HydraFlow Standard — Test Pyramid¶
Every load-bearing feature in HydraFlow ships through three layers of tests before it merges into the integration branch. Skipping a layer is a procedural failure — not a judgment call. Unit tests catch code-path bugs but are blind to real-API behavior; MockWorld scenarios catch integration bugs unit tests can't see; sandbox e2e tests catch the docker / wiring / UI layer that MockWorld can't reach. Skipping layers ships features that pass in isolation but break under real conditions.
The three layers¶
┌────────────────────────┐
│ Sandbox e2e (~minutes) │ tests/sandbox_scenarios/
│ docker-compose + │ sNN_*.py + Playwright
│ Playwright │
└────────┬───────────────┘
│
┌──────────┴──────────────┐
│ MockWorld scenario │ tests/scenarios/
│ (~seconds) │ test_*_scenario.py
│ real loops + Fake* │ uses MockWorld + FakeGitHub
│ adapters at boundary │
└──────────┬──────────────┘
│
┌──────────────┴──────────────┐
│ Unit (~milliseconds) │ tests/test_*.py
│ pure functions, mocks at │ AsyncMock collaborators,
│ every collaborator │ monkeypatch run_subprocess
└─────────────────────────────┘
| Layer | Where | What it proves | Mocks at |
|---|---|---|---|
| Unit | tests/test_*.py |
Code paths and edge cases of one function/class | All collaborators |
| MockWorld scenario | tests/scenarios/test_*_scenario.py (mark pytest.mark.scenario_loops) |
Real loop / runner code interacts with MockWorld's Fake* adapters at the I/O boundary. Catches integration bugs unit tests can't see. |
Subprocess / network boundary only |
| Sandbox e2e | tests/sandbox_scenarios/scenarios/sNN_*.py + tests/sandbox_scenarios/runner/ |
The real orchestrator boots inside docker-compose.sandbox.yml, Playwright drives the UI, the dashboard API verifies state. The dark-factory production bar. |
Only at the docker-compose seam (FakeLLM, FakeGitHub via the sandbox entrypoint) |
When each layer is required¶
A feature merges into staging when ALL three layers exist for it.
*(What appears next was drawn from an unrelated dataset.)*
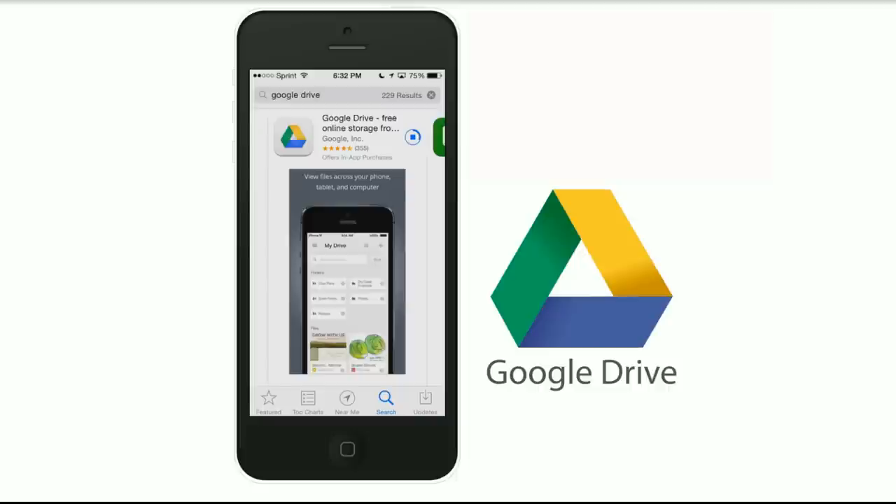I personally don't even have that many photos on my phone, but I do have friends that have thousands and thousands of photos. This way when you put them on the drive, you'll be able to access them from your phone as long as you have an internet connection.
Specifically:
| Feature shape | Unit | Scenario | Sandbox |
|---|---|---|---|
New port method (e.g. update_pr_branch) |
✅ required | ✅ required (via the loop that calls it, using a real PRManager + FakeGitHub at the boundary) | ✅ required (drive the loop end-to-end in docker) |
| New loop or runner | ✅ required | ✅ required (Pattern B direct instantiation OR full MockWorld flow) | ✅ required (sNN scenario) |
| New phase decoration / cross-cutting concern (OTel, telemetry) | ✅ required | ✅ required (assert against world.honeycomb / equivalent fake) |
⚠️ recommended (skip only if the cross-cut has no observable runtime effect) |
| Pure refactor with no behavior change | ✅ required | (existing scenario coverage stays green) | (no new sandbox needed) |
| Bug fix | ✅ required (regression test in tests/regressions/) |
✅ required if the bug is observable through a loop / runner path | ⚠️ if the bug only manifests under sandbox conditions |
| New ADR / wiki / config | ❌ no test (docs) | ❌ | ❌ |
How to write each layer¶
Unit tests¶
- Live in
tests/test_<module>.py - One assertion per test; AAA structure (Arrange / Act / Assert) but no AAA comments (the test-sludge guard rejects them — see
docs/wiki/testing.md) - Mock every collaborator: AsyncMock for async, monkeypatch for
run_subprocess/ module-level state - Use
tests.helpers.ConfigFactory.create()forHydraFlowConfig - Use
tests.helpers.make_pr_manager(config=, event_bus=)for a realPRManagerwith mocked I/O
MockWorld scenario tests¶
- Live in
tests/scenarios/test_<feature>_scenario.py - Mark with
pytestmark = pytest.mark.scenario_loops - Two patterns:
- Pattern A (full MockWorld): import
MockWorld, set up via builder methods (add_repo,add_issue,set_phase_result,fail_service), drive a phase or loop tick, assert againstworld.<fake>. Use this when the test exercises orchestration + multiple ports. - Pattern B (direct instantiation): build the loop directly with
LoopDeps+ aMagicMock(spec=PRPort)whose methods are scripted. Use this when the test exercises a single loop's reaction to specific port outcomes (e.g.prs.merge_promotion_prreturns False → loop files find-issue). Existing example:tests/scenarios/test_caretaker_loops_part2.py::TestL22StagingPromotionLoop. - The choice is governed by what's being asserted. Pattern A asserts cross-cutting outcomes ("after the phase ran, the dashboard reflects X"). Pattern B asserts a loop's reaction surface ("when the port returns Y, the loop does Z").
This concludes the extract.